GIVEN RECORDS START
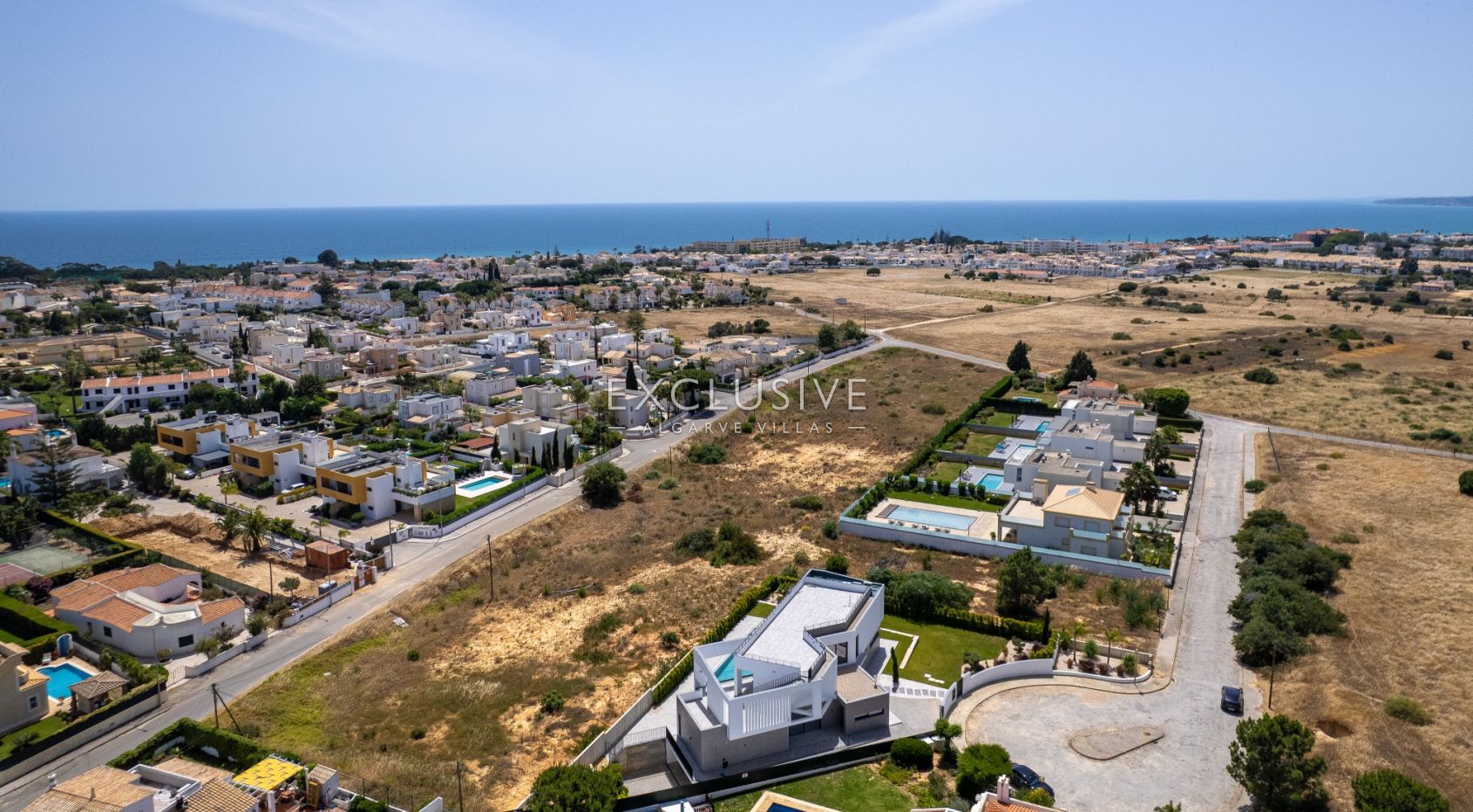 Moderne Villa, bezugsfertig, Praia da Galé, Albufeira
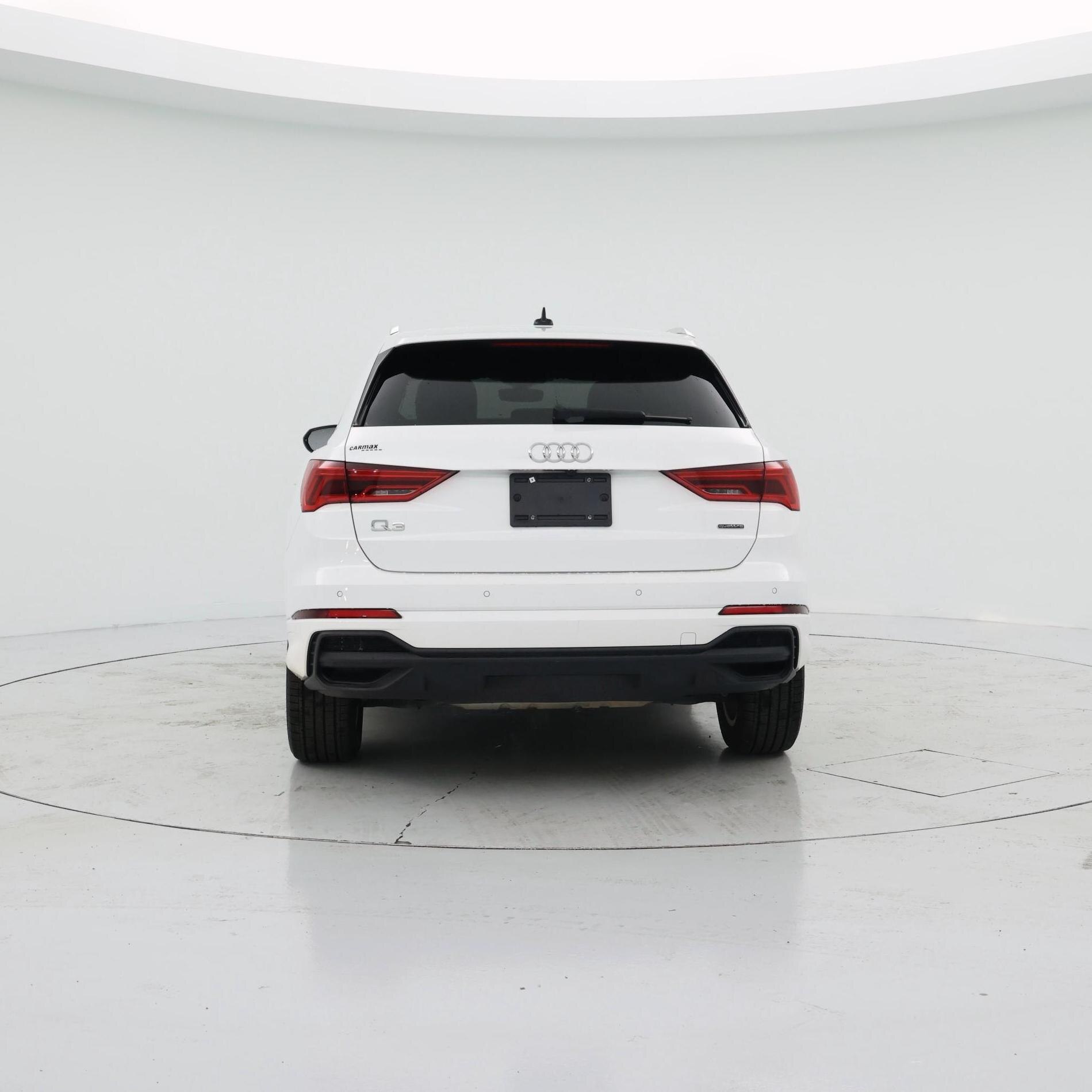 Thumbnail: 2023 Audi Q3 - 6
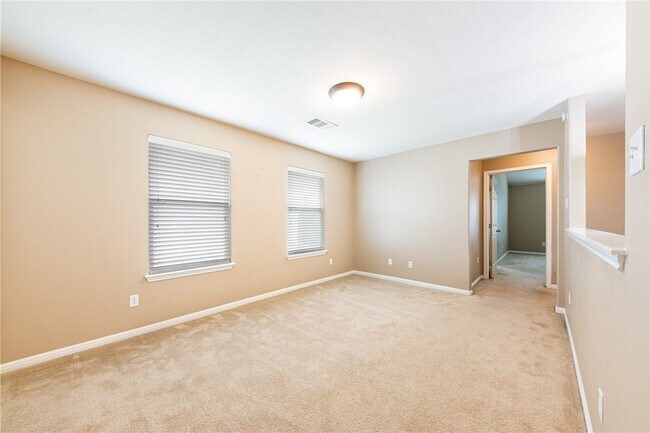 438 Blackman Tr Hutto, TX 78634 photo 5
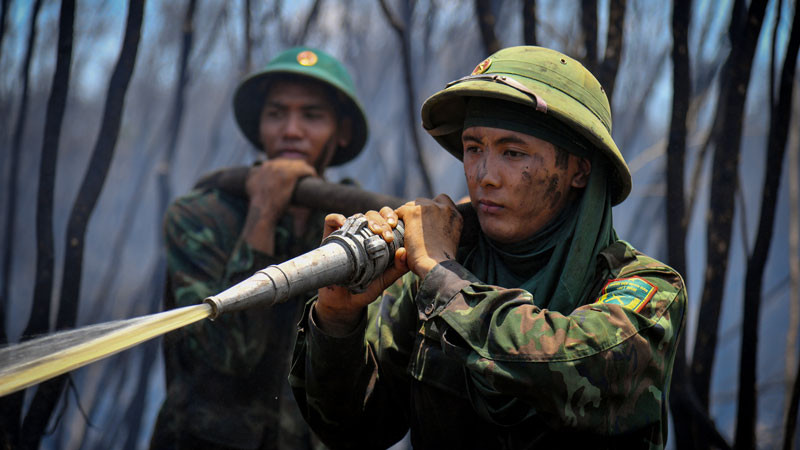 Tiếp tục chữa cháy, đề phòng lửa bùng phát trở lại.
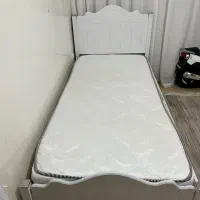 تخت نوجوان وخوشخواب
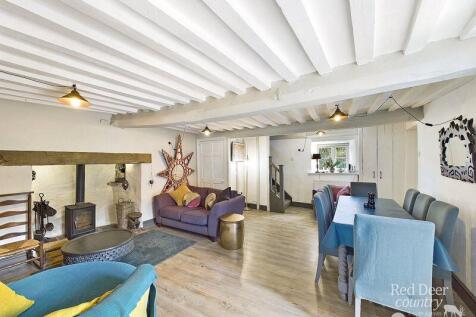 Sitting/Dining Room
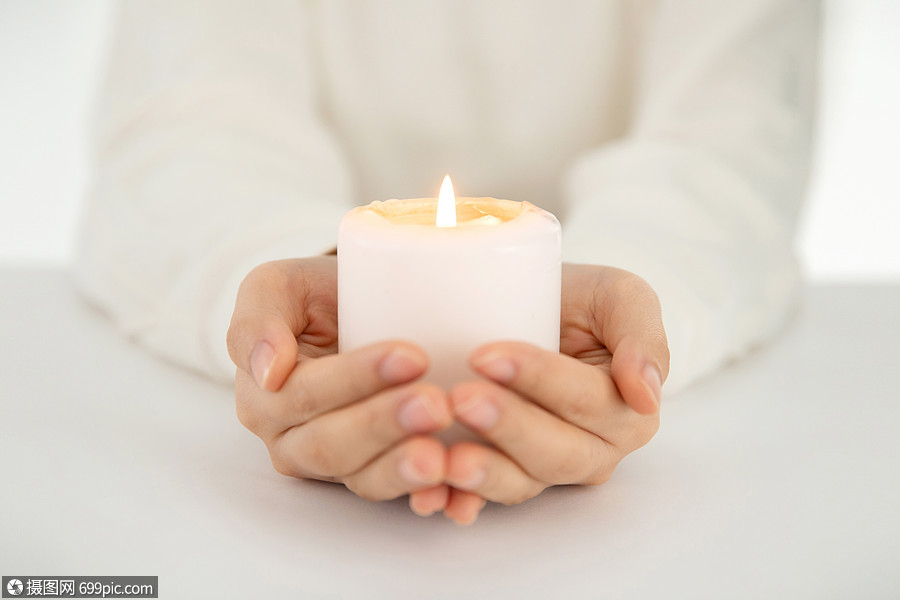 双手捧蜡烛祈福特写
GIVEN RECORDS END
» **DESCRIPTION OF THE TASK**:
Transcribe exactly, and only, the lines from the line with "Thumbnail: 2023 Audi Q3 - 6" through the last line of the records, inclusive; the pictures do not belong in the copy.

» **ANSWER TO THIS TASK**:
 Thumbnail: 2023 Audi Q3 - 6
 438 Blackman Tr Hutto, TX 78634 photo 5
 Tiếp tục chữa cháy, đề phòng lửa bùng phát trở lại.
 تخت نوجوان وخوشخواب
 Sitting/Dining Room
 双手捧蜡烛祈福特写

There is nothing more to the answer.